[Numpy-discussion] Release notes please; possible bugs

Travis Oliphant oliphant.travis at ieee.org
Mon Jul 31 12:39:08 EDT 2006


Tom Loredo wrote:
> Hi folks,
>
> It is turning out to be much more of a headache moving from
> numpy-0.9.x to numpy-1.0b1 than it ever was moving from Numeric
> to numpy.  Could someone please throw together some release
> notes (the scipy & sourceforge RN pages are blank) or a Wiki
> page warning what has to be changed?  
Release Notes are forthcoming.   But, probably won't be available for 
awhile.

The "problem" is that backward compatibility is not accomplished simply 
by using import numpy instead of import Numeric.  You have to use import 
numpy.oldnumeric to get it.
> * Type names are all now lower case.  I know this started
> happening late in 0.9.x, but I only know it by accident, via
> some email from Travis.  
>   
Use numpy.oldnumeric where the upper-case typenames are all available.
> * .nonzero() now returns a 1-tuple with an array of indices, 
> for a 1-d array.  Before it returned an array of indices.
>   
Use the nonzero function which has the same behavior as Numeric.

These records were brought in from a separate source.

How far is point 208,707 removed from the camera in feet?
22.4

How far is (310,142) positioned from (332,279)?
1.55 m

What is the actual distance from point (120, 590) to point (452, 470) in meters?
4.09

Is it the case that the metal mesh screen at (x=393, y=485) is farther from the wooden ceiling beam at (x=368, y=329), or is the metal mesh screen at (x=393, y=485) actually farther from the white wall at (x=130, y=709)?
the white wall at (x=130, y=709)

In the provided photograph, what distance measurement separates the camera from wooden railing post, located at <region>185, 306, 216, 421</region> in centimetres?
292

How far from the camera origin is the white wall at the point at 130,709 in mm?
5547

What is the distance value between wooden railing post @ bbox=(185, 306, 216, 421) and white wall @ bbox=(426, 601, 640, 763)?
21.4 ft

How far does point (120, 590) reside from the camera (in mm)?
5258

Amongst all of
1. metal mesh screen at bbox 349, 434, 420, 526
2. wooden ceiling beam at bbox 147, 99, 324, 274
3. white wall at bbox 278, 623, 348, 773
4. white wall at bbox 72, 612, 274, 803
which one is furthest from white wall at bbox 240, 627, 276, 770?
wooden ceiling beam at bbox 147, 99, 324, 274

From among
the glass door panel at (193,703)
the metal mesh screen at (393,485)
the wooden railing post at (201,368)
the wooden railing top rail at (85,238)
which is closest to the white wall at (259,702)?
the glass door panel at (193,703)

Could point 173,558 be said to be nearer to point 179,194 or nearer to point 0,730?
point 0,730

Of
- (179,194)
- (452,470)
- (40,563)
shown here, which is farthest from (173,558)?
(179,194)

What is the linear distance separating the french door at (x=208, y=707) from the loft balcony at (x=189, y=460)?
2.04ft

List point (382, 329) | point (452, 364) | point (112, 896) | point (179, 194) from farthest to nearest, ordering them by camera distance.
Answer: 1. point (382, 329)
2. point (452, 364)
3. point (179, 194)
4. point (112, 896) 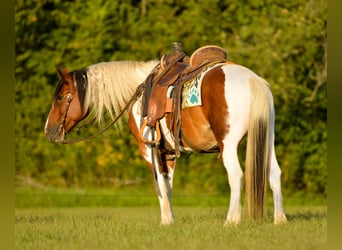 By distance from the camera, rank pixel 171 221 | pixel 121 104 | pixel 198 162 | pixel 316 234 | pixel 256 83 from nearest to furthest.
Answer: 1. pixel 316 234
2. pixel 256 83
3. pixel 171 221
4. pixel 121 104
5. pixel 198 162

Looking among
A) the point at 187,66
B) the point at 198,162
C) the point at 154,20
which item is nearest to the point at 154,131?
the point at 187,66

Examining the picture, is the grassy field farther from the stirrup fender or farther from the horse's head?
the horse's head

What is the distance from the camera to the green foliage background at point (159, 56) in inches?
512

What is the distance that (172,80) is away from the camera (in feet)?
23.7

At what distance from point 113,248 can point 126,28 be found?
29.9 ft

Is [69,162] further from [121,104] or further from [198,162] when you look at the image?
[121,104]

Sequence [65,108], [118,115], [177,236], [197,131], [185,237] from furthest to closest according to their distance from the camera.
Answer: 1. [65,108]
2. [118,115]
3. [197,131]
4. [177,236]
5. [185,237]

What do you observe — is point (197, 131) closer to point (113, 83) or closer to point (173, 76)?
point (173, 76)

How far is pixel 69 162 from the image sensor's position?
43.9ft

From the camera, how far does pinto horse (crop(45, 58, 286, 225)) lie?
6.32 metres

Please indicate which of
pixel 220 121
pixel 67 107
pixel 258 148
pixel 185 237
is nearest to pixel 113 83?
pixel 67 107

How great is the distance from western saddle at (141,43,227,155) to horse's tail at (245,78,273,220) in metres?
0.73

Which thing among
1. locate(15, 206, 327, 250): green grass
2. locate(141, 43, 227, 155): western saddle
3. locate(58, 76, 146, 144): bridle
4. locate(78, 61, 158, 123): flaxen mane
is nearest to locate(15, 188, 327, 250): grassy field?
locate(15, 206, 327, 250): green grass

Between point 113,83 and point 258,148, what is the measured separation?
2223 millimetres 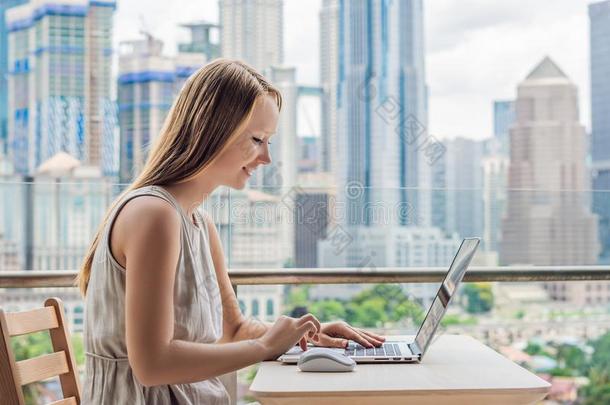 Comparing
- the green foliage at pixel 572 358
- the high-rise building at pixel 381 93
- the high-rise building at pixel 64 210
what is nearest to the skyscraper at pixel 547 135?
the high-rise building at pixel 381 93

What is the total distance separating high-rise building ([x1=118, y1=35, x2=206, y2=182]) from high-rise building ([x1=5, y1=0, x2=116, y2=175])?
24cm

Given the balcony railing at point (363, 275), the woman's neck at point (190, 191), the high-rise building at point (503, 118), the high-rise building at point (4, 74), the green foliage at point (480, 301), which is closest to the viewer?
the woman's neck at point (190, 191)

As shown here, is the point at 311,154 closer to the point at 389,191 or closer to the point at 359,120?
the point at 359,120

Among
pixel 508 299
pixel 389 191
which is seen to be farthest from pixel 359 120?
pixel 389 191

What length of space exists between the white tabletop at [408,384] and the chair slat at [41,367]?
434mm

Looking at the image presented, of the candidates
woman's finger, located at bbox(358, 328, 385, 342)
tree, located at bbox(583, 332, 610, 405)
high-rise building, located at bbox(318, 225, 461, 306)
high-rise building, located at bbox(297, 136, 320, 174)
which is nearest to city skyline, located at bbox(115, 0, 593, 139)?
high-rise building, located at bbox(297, 136, 320, 174)

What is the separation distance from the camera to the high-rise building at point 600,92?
27.5ft

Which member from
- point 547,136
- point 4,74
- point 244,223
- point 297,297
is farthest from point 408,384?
point 4,74

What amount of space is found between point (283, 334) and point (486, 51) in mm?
8506

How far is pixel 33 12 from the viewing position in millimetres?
10586

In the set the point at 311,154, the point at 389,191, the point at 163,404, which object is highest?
the point at 311,154

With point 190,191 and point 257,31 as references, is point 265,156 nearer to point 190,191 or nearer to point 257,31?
point 190,191

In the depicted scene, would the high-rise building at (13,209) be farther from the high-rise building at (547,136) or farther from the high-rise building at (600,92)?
the high-rise building at (600,92)

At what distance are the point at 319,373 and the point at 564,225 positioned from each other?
575 centimetres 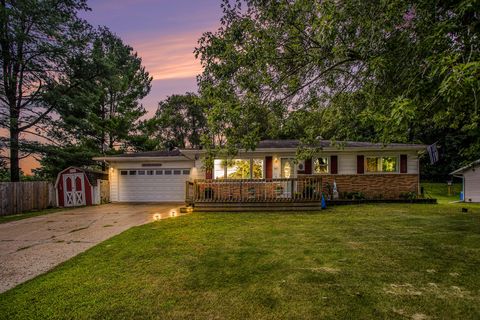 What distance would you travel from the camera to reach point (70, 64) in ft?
50.6

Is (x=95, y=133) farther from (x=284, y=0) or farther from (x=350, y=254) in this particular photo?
(x=350, y=254)

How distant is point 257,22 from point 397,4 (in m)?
2.59

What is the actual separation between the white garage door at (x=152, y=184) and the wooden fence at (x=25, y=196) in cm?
352

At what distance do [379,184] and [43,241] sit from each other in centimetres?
1389

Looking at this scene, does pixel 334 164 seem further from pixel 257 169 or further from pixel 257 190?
→ pixel 257 190

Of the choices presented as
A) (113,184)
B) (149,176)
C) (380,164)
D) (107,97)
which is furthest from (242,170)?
(107,97)

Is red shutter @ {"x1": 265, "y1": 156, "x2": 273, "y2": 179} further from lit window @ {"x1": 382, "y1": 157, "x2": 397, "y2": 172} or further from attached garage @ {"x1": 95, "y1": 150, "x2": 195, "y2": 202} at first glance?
lit window @ {"x1": 382, "y1": 157, "x2": 397, "y2": 172}

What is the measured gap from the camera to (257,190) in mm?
12133

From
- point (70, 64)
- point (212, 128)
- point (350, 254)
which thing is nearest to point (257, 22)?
point (212, 128)

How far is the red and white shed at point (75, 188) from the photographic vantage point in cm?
1476

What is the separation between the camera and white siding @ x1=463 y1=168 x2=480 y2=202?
1706cm

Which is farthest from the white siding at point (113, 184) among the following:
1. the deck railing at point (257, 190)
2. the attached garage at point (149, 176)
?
the deck railing at point (257, 190)

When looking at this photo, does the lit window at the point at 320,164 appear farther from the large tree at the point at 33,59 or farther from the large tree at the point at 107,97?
the large tree at the point at 33,59

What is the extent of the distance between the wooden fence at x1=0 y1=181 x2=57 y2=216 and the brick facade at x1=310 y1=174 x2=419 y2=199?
1454 centimetres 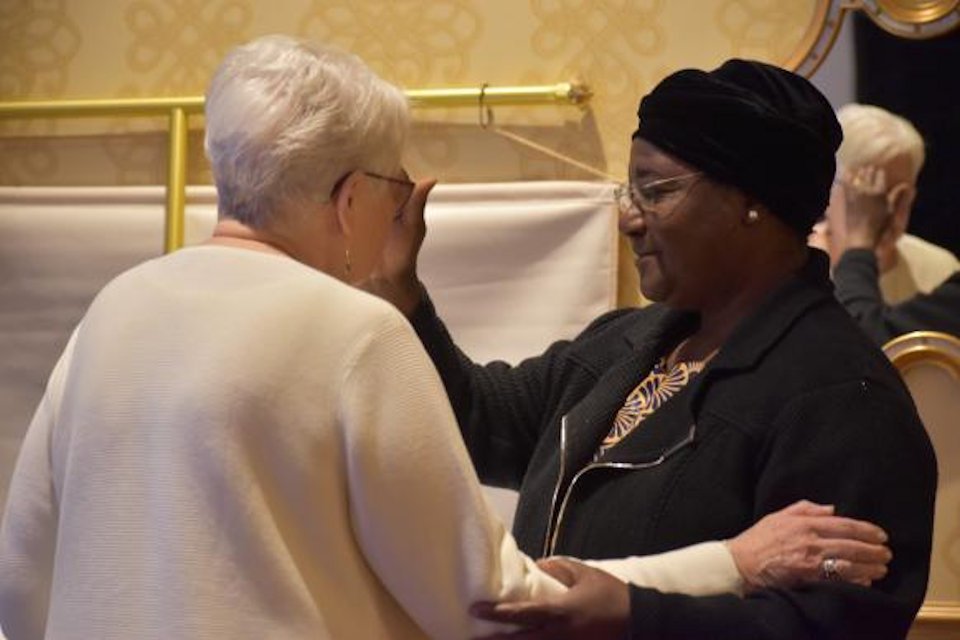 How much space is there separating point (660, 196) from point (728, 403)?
263 millimetres

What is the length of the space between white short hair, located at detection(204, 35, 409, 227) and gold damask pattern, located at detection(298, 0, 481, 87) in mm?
1520

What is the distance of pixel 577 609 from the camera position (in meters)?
1.68

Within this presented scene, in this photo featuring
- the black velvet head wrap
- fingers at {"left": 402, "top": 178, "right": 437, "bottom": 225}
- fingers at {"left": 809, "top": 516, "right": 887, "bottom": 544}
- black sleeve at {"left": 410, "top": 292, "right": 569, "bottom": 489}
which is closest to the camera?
fingers at {"left": 809, "top": 516, "right": 887, "bottom": 544}

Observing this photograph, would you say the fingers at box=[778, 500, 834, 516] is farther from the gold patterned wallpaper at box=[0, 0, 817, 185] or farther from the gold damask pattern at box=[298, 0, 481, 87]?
the gold damask pattern at box=[298, 0, 481, 87]

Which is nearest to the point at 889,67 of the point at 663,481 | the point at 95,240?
the point at 663,481

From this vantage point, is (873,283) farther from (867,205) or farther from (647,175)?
(647,175)

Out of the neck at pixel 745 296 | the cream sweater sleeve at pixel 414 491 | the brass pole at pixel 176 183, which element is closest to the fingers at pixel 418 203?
the neck at pixel 745 296

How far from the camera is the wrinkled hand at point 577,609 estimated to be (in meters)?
1.62

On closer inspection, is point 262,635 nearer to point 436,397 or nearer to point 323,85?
point 436,397

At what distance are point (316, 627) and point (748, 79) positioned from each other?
33.1 inches

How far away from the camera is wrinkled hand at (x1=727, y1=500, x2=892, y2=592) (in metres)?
1.74

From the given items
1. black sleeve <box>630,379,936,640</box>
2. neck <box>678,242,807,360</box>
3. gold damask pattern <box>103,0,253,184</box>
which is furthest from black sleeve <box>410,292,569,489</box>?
gold damask pattern <box>103,0,253,184</box>

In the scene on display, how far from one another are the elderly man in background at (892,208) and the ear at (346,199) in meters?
1.42

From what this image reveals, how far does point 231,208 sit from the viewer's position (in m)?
1.64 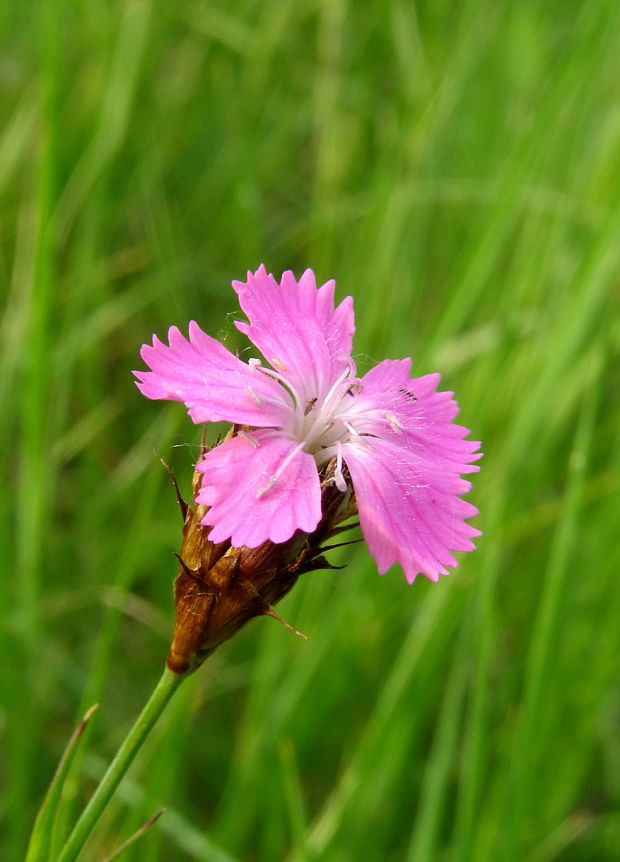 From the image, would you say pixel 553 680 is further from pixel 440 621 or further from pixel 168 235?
pixel 168 235

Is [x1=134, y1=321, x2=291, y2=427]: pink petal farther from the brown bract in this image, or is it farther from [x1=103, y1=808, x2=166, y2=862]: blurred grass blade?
[x1=103, y1=808, x2=166, y2=862]: blurred grass blade

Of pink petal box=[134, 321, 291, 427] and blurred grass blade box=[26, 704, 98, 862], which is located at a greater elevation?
pink petal box=[134, 321, 291, 427]

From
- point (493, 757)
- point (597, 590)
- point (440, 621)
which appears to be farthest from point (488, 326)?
point (493, 757)

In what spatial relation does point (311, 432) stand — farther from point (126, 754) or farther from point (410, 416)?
point (126, 754)

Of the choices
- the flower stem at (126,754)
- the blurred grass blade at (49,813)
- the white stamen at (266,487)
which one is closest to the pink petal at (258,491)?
the white stamen at (266,487)

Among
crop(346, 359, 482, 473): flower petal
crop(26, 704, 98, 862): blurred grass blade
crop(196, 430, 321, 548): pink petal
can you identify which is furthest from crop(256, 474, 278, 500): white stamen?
crop(26, 704, 98, 862): blurred grass blade

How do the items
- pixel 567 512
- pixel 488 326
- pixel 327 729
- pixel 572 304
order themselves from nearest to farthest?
pixel 567 512, pixel 572 304, pixel 327 729, pixel 488 326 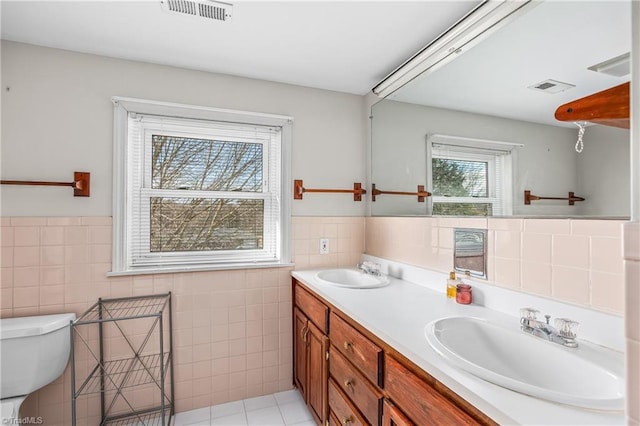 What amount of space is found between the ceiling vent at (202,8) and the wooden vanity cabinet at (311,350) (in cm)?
Answer: 149

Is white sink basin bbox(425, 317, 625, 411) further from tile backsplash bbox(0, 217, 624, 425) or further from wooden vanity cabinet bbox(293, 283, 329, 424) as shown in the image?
wooden vanity cabinet bbox(293, 283, 329, 424)

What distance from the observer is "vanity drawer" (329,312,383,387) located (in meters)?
1.09

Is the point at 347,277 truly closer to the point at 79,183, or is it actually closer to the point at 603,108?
the point at 603,108

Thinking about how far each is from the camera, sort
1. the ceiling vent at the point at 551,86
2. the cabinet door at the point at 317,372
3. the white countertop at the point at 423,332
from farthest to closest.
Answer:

> * In the C API, ContiguousFromObject is now ContiguousFromAny.
> I am surprised that my libraries compile with no errors; I
> only get a runtime error.  Shouldn't I be warned about this
> at compile-time?
>   

I'm not sure what the problem you are getting is.   Please give your 
runtime error.  This should work.  ContiguousFromObject is still available.
> * mtrand still uses ContiguousFromObject in a few places; these
> give exceptions when you call, e.g., setstate.
>   
Please post the error, it's a bug.
> * rand, fft, ift are no longer in the numpy namespace.  Is
> this a permanent change or a bug?
>   
Yep, permanent change after long discussion.     Get them from 
numpy.random and numpy.dft respectively.

I agree that moving from numpy <1.0 to numpy 1.0 is a little painful 
because of name-space issues.   That's why numpy was labeled pre 1.0.   
I was assuming adopters were willing to move with us until NumPy 1.0 
where backward compatibility would be made an important issue. 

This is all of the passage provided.